This gives the following recursive algorithm that, starting with the two groups of numbers partitioned by their MSB, gives the answer:
Given group 1 and group 0 and a bit index i:
If the bit index is equal to the number of bits, return the XOR of the (unique) number in the 1 group and the (unique) number in the 0 group.
Construct groups 11, 10, 01, and 00 from those groups.
If group 11 and group 00 are nonempty, recursively find the maximum XOR of those two groups starting at bit i + 1.
If group 10 and group 01 are nonempty, recursively find the maximum XOR of those two groups, starting at bit i + 1.
If either of the above pairings was possible, then return the maximum pair found by the recursion.
Otherwise, all of the numbers must have the same bit in position i, so return the maximum pair found by looking at bit i + 1 on groups 1 and 0.
To start off the algorithm, you can actually just partition the numbers from the initial group into two groups - numbers with MSB 1 and numbers with MSB 0. You then fire off a recursive call to the above algorithm with the two groups of numbers.
As an example, consider the numbers 5 1 4 3 0 2. These have representations
101 001 100 011 000 010
We begin by splitting them into the 1 group and the 0 group:
101 100
001 011 000 010
Now, we apply the above algorithm.

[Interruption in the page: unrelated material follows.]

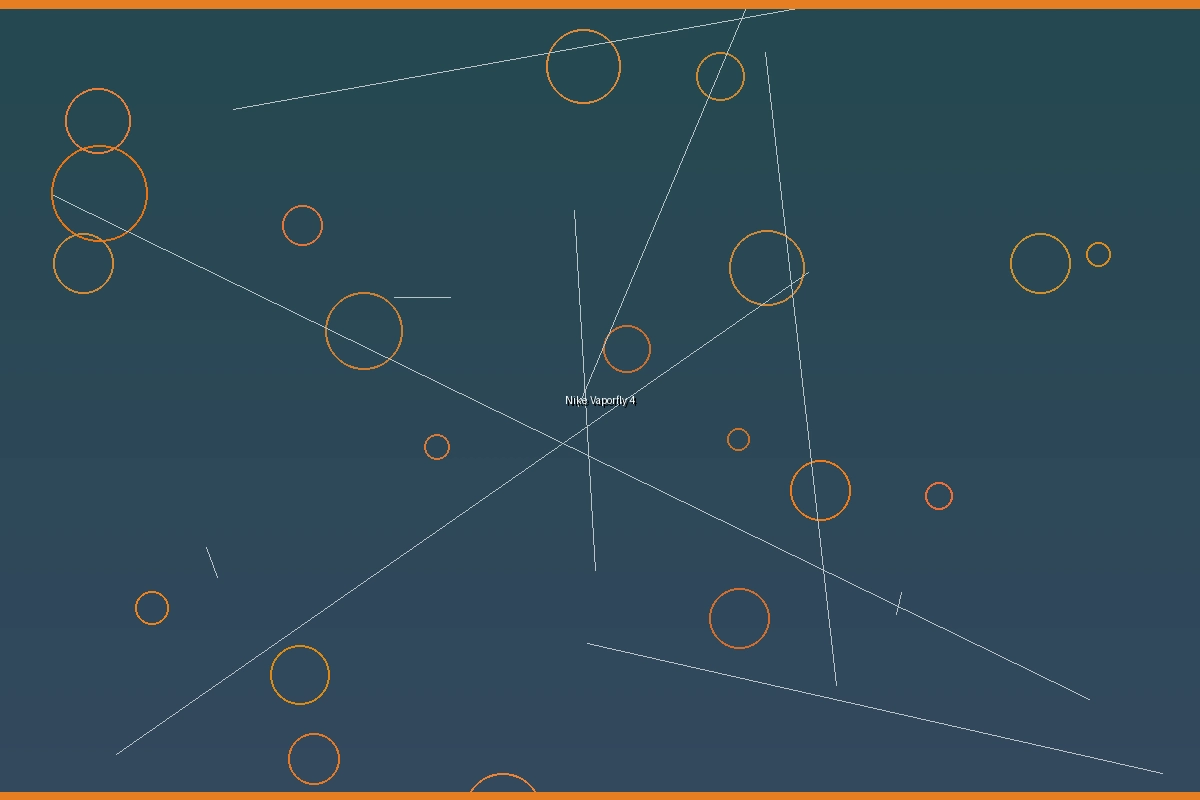 Nike Vaporfly 4碳板竞速跑鞋正面展示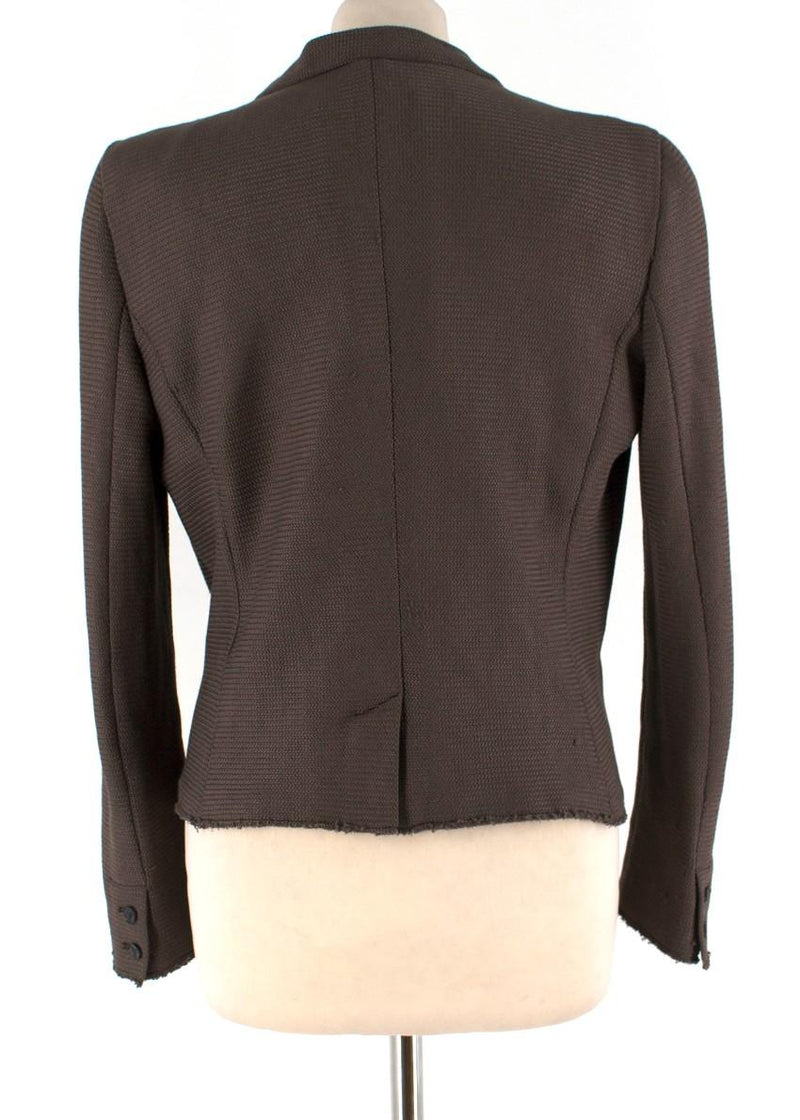 Isabel Marant Khaki Knit Deep V Blazer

We split this into groups 11, 10, 01, and 00:
11:
10: 101 100
01: 011 010
00: 000 001
Now, we can't pair any 11 elements with 00 elements, so we just recurse on the 10 and 01 groups. This means we construct the 100, 101, 010, and 011 groups:
101: 101
100: 100
011: 011
010: 010
Now that we're down to buckets with just one element in them, we can just check the pairs 101 and 010 (which gives 111) and 100 and 011 (which gives 111). Either option works here, so we get that the optimal answer is 7.

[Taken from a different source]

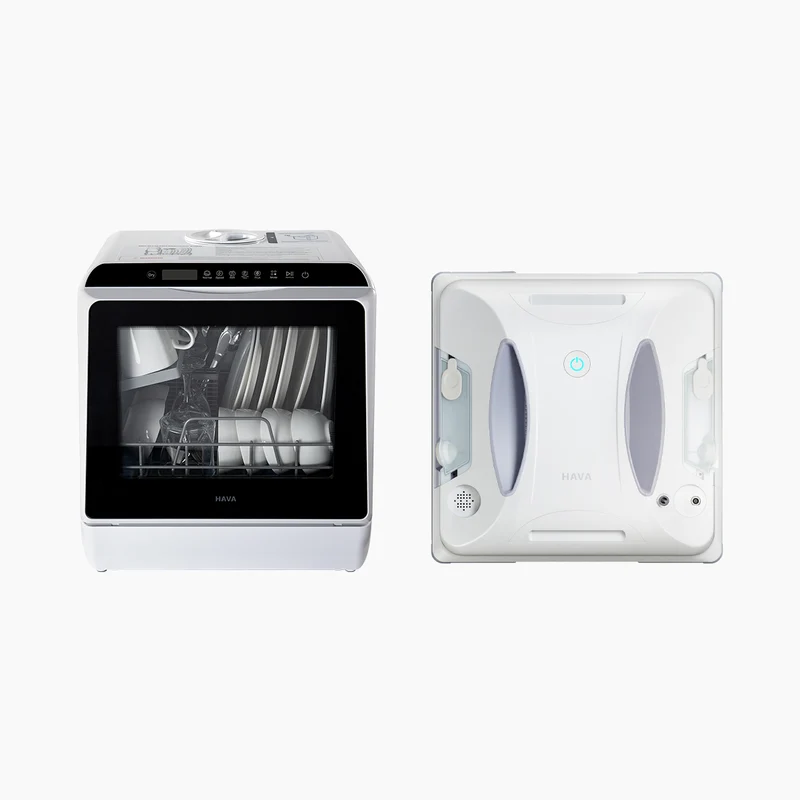 U01 Window Cleaning Robot and R01 Dishwasher Bundle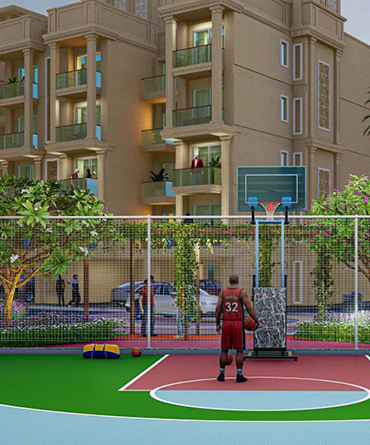 Signature Global City 37D Luxury Homes- Basketball Court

Let's think about the running time of this algorithm. Notice that the maximum recursion depth is O(lg U), since there are only O(log U) bits in the numbers. At each level in the tree, each number appears in exactly one recursive call, and each of the recursive calls does work proportional to the total number of numbers in the 0 and 1 groups, because we need to distribute them by their bits. Consequently, there are O(log U) levels in the recursion tree, and each level does O(n) work, giving a total work of O(n log U).
Hope this helps! This was an awesome problem!
This can be solved in O(NlogN) time complexity using Trie.
Construct a trie. For each integer key, each node of the trie will hold every bit(0 or 1) starting from most significant bit.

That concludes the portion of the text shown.